Wednesday, August 15, 2012

You don't have to see each other to be more inlove...
I can tell you more about that later.

YOU'RE IN A LONG DISTANCE RELATIONSHIP? that's good. Now be strong! :)

Not everyone could be in a long distance relationship. It takes real patience, great understanding and two grown ups with enormous love for each other and genuine willingness to work things out. Not to mention, a lot of prayers and strong faith for it to last.

I've had 2 long distance rel before this, but none of it worked out. After my last one --I swore to close my heart for any chance of long distance love. It just wasn't for me.

Being in a relationship alone is hard enough to keep what more when put in a long distance relationship? Oh boy you have no idea. It's like trying to live life with your imaginary boyfriend just to keep you sane everyday.

When my last one didn't work out, I used to blame myself for it, I was devastated and keep on asking myself what I did wrong.. I've been into 2 long distance relationship and terribly fail at it.. I hated myself and my guts. I then have become bitter and angry of love, of this kind of relationship, angry of myself and I feared it would be like that forever. But then I was wrong.. God has a better plan for me.. I realized that he wanted to test me, to test my faith towards him and to accept this kind of life that he has given me.

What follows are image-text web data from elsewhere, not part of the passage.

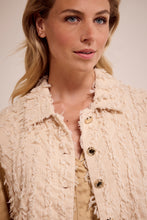 Load image into Gallery viewer, Fancy Frilled Vest
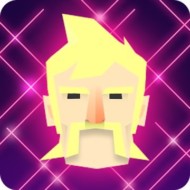 Светоносное копье 1.1.5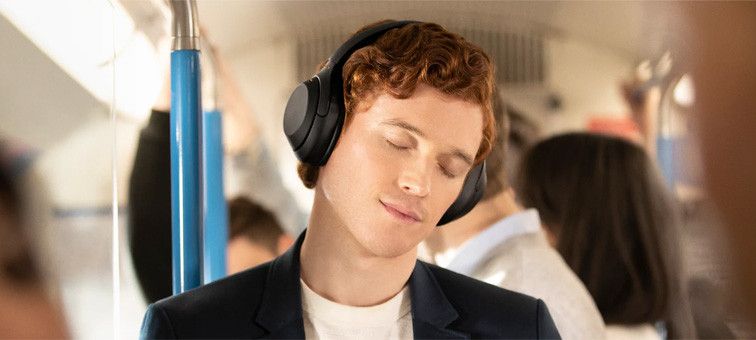 sony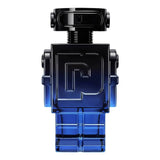 Paco Rabanne Phantom Intense EDP 100 ml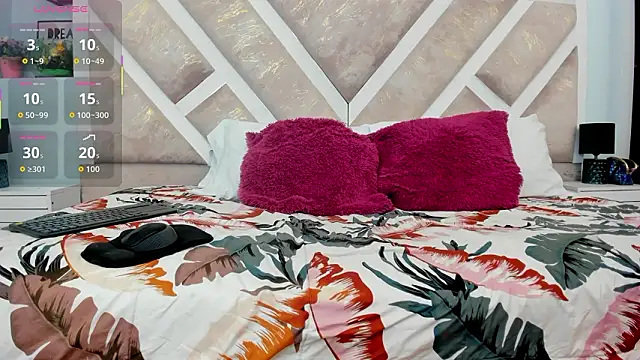 hotmature1 online show from February 2026 11:00:02 AM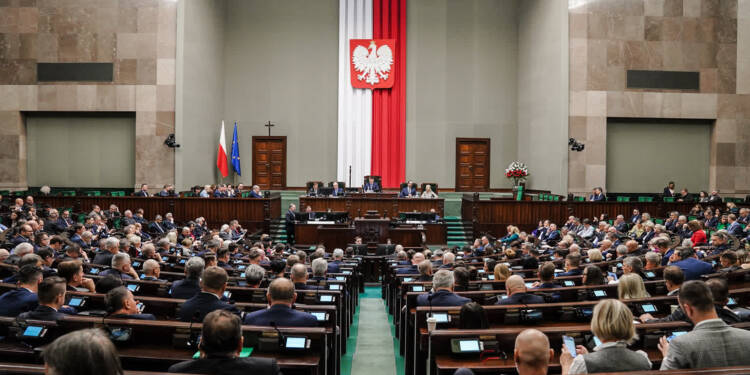 sejm 1 2024 11 27 213217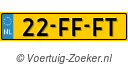 22FFFT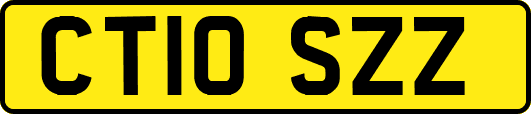 CT10SZZ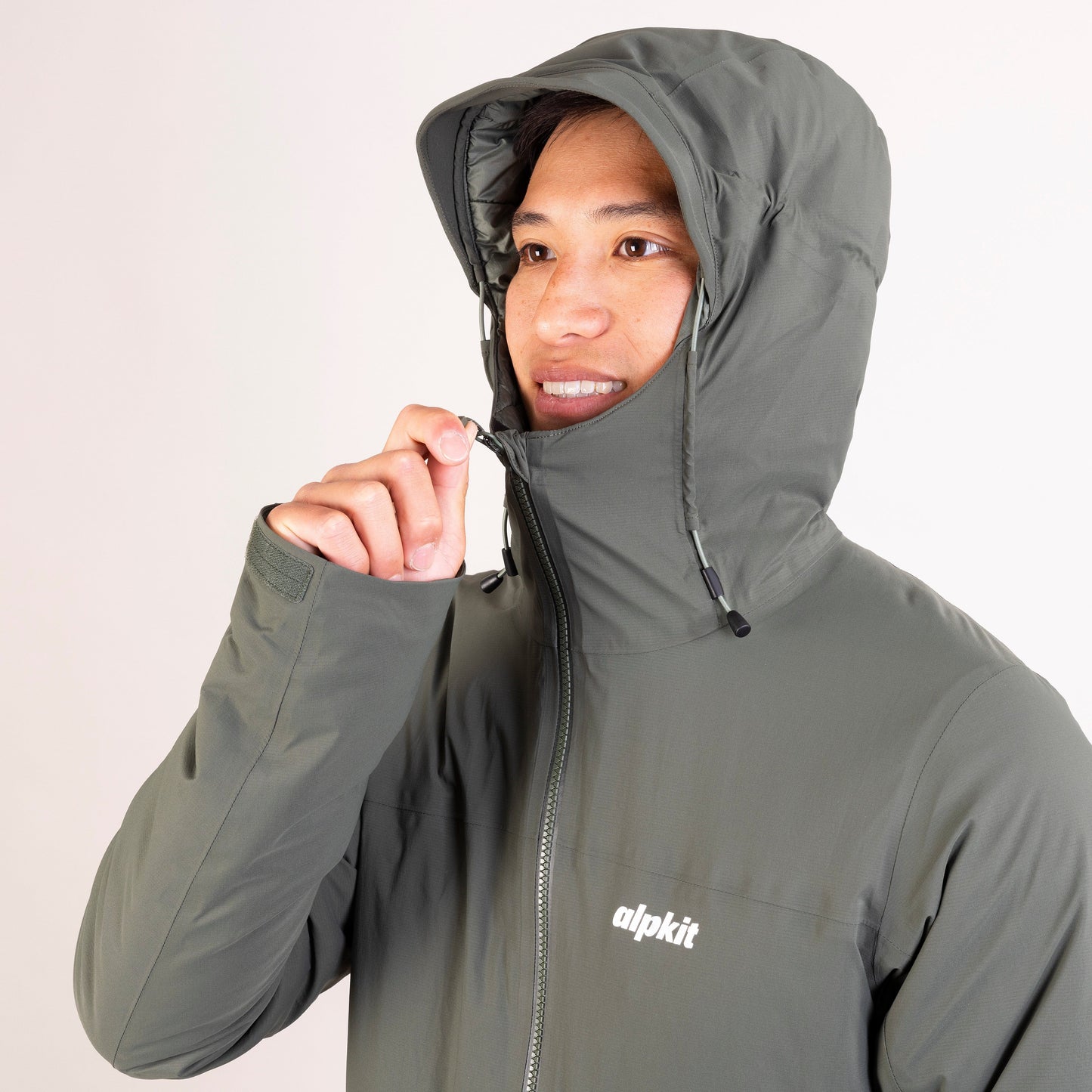 Solace Mens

I believe God is the author of life, he had carefully written and planned everything for us including our love stories.. and mine just happened to be in a long distance rel. And God didn't want me to give-up on something that he has chosen for me. If I had given up on long distance love after failing at it twice, I don't think I would be this happy and contented. I don't think I would be this full in spirit and strong in love. Being in a long distance relationship is my fate and it helped me to become a better person. It changed me. A lot.

I now realized why it didn't work out for me before.. perhaps, it just wasn't meant to be. Maybe I was doing it wrong. Maybe God wanted me to experience the most honest and pure joy that I wouldn't get in my previous rel. Now it was all clear to me.. I wasn't doing it wrong, I was just in the wrong time, wrong place, inlove with the wrong people and wasting my energy and emotion to a love that wasn't even meant to be.

AND God had let me out. I'm glad He did.

Being in a long distance relationship is hard, we all know that.. but it doesn't really have to be hard enough, you just have to focus on some things that makes life worth it. Yes, it's completely insane to be far away from someone you wouldn't trade for anything in this world, every moment of the day is not the same without them. You miss the hugging, kissing, cuddling, cheesy name callings, etc that makes your day better. We all do.. we miss them, sure. But life has to move-on.

Keep yourself busy and find something you're good at-- no, it doesn't mean you have to forget about them.. but just keep your days busy with other things. It'll help you not only to forget the 'missing feeling' but it will also help you to become a better person. What could be nicer than developing deep self love huh? You have to be complete in yourself first and take care of yourself before you can develop real love to others. Surviving a long distance relationship involves deep self love before anything else. This will be your strength and foundation so you won't lose some turns along the way. So me, that's exactly what I've been trying to do lately, I've been trying to keep myself busy as much as possible with school, with improving myself and finding what other things I'd like to do because I know I have to. I have this tendency to be needy and annoying especially when I'm bored.. and with my experience? It didn't really help me that much.

I guess more importantly, above anything else.. you have to trust each other and have a big faith in God. King has been really good at reminding me about this one, he's been there to remind me all the time that I need to be positive if I want this thing to work. That I need to trust God and let Him work in our relationship and to not worry about anything. Having an honest and constant open communication is also the main key to survive this kind of rel.

P.S

You don't have to see each other to be more in love.. you just have to have a commitment and genuine love towards each other to make this work effortlessly even between the distance.